Le duc de Bethford, régent du royaume pour le roi d'Angleterre, voulut en 1428 prendre les biens donnés à l'église depuis 40 ans; mais le clergé s'y opposa si fortement, que le duc changea de dessein.

Aux états assemblés à Tours en 1468, le clergé promit à Louis XI. de le secourir de prieres & oraisons, & de son temporel pour la guerre de Bretagne, laquelle n'eut pas de suite; ce qui fait croire à quelques - uns que les offres du clergé n'eurent pas d'effet; mais ce qui peut faire penser le contraire, est que le roi accorda l'année suivante au pape une décime, comme nous l'avons dit en parlant des décimes papales. Voyez aussi plus bas Decimes papales.

On publia sous Louis XII. en 1501, une croisade contre les Tures qui faisoient la guerre aux Vénitiens, & on leva à cette occasion une décime sur le clergé de France.

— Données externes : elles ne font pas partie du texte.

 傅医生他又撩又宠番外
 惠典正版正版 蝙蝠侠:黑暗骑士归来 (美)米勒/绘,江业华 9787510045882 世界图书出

Jusqu'ici les décimes n'étoient point encore ordinaires; les subventions que le clergé payoit dans les besoins extraordinaires de l'état, étoient qualifiées, tantôt de dixme ou décime, & tantôt d'aide ou subside, de dixieme, centieme, cinquantieme, taille, &c. Les assemblées du clergé, par rapport à ces contributions, étoient peu fréquentes, & n'avoient point de forme certaine ni de tems préfix; mais en 1516 les choses changerent de face; la négociation du concordat passé entre Léon X. & François I. donna lieu à une bulle du 16 mai 1516, par laquelle, sous prétexte que le Ture menaçoit la chrétienté, le pape permit au roi la levée d'une décime sur le clergé de France; le motif exprimé dans la bulle est que le roi avoit dessein de passer en Orient; mais ce motif n'étoit qu'un prétexte, François I. ne pensant guere à passer les mers. On fit à cette occasion un département ou répartition de cette décime par chaque diocçse sur tous les bénéfices; & ce département est souvent cité, ayant été suivi, du moins en partie, dans des assemblées du clergé; il y a cependant eu depuis un autre département en 1641, qui fut rectifié en 1646.

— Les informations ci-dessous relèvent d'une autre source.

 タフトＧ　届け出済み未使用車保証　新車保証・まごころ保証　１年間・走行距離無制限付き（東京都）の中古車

On tient communément que c'est depuis ce tems que les décimes sont devenues annuelles & ordinaires, il paroît cependant qu'elles ne l'etoient point encore en 1557, puisqu'Henri II. en créant alors des receveurs des deniers extraordinaires & casuels, leur donna pouvoir entr'autres choses de recevoir les dons gratuits & charitatifs équipollens à décimes.

Ce qui est de certain, c'est que la taxe imposée en 1516 sur tous les bénéfices fut réitérée plusieurs fois sous le titre de don gratuit & de charitatif équipollent à décime.

Les lettres patentes de François I. du 24 Septembre 1523, sont mention que le roi avoit demandé depuis peu un subside de 1200 mille livres tournois à tous archevêques, évêques, prélats, & autres gens ecclésiastiques, pour la solde des troupes levées pour la défense du royaume: on trouve même dans ces lettres qu'il y avoit eu une imposition dès 1518, & il ne paroît point qu'il y eût aucun consentement du pape.

En 1527, lorsqu'il fut question des affaires d'Espagne pour le traité de Madrid, en l'assemblée du parlement où étoient le chancelier & les députés de six parlemens; la cour, du consentement, vouloir & opinion des presidens & conseillers des autres parlemens, & d'un commun accord, ordonna que la réponse seroit faite au roi, qu'il pouvoit saintement & justement lever sur ses sujets, savoir l'église, la noblesse, peuple, exempts & non exempts, deux millions d'or pour la délivrance de ses enfans (qui étoient restés prisonniers), & pour le fait de la guerre contre l'empire.

Au lit de justice tenu le 20 Décembre de la même année, où étoient plusieurs évêques, le cardinal de Bourbon dit que l'Eglise pourroit donner & faire présent au roi de 130000 livres.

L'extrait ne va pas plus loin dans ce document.